## The task
Only the lines below between the ones containing "SKF 7313BECBM_2" and "Jerome S. (Green Space)", inclusive, are to be reproduced, each exactly as it stands.
*** Opening of Records shown ***
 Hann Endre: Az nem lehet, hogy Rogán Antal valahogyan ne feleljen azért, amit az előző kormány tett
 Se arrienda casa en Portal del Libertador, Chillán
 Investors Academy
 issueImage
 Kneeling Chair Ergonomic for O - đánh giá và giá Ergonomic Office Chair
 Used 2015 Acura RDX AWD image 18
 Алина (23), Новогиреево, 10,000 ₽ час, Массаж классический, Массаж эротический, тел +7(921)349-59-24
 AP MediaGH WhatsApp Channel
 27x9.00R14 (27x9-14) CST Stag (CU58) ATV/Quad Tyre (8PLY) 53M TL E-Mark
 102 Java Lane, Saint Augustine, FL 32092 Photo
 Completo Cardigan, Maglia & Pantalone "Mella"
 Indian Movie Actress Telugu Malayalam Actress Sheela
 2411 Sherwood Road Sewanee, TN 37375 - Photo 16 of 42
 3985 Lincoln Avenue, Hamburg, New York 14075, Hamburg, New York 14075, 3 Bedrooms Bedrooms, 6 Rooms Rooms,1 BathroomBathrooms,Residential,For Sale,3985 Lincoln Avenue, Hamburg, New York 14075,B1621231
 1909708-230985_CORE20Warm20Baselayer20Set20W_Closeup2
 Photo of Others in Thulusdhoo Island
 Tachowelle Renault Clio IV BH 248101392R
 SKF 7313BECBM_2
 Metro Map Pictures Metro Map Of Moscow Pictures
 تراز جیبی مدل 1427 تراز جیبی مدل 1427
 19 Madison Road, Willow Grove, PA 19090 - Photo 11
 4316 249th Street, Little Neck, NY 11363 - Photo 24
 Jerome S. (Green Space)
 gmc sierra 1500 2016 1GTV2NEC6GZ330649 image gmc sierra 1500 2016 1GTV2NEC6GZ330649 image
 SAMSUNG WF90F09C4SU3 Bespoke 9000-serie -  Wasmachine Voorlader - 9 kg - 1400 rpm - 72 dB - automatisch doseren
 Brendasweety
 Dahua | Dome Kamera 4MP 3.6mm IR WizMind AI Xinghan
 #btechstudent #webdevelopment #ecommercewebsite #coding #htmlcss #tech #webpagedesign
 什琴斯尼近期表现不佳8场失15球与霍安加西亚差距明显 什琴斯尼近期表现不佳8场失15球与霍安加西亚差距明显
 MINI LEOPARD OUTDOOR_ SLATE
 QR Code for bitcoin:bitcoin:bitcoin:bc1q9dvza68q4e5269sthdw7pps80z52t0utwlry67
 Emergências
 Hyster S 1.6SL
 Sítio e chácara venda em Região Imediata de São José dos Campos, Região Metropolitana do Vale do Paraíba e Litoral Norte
*** Close of Records shown ***
## Response to the exercise
 SKF 7313BECBM_2
 Metro Map Pictures Metro Map Of Moscow Pictures
 تراز جیبی مدل 1427 تراز جیبی مدل 1427
 19 Madison Road, Willow Grove, PA 19090 - Photo 11
 4316 249th Street, Little Neck, NY 11363 - Photo 24
 Jerome S. (Green Space)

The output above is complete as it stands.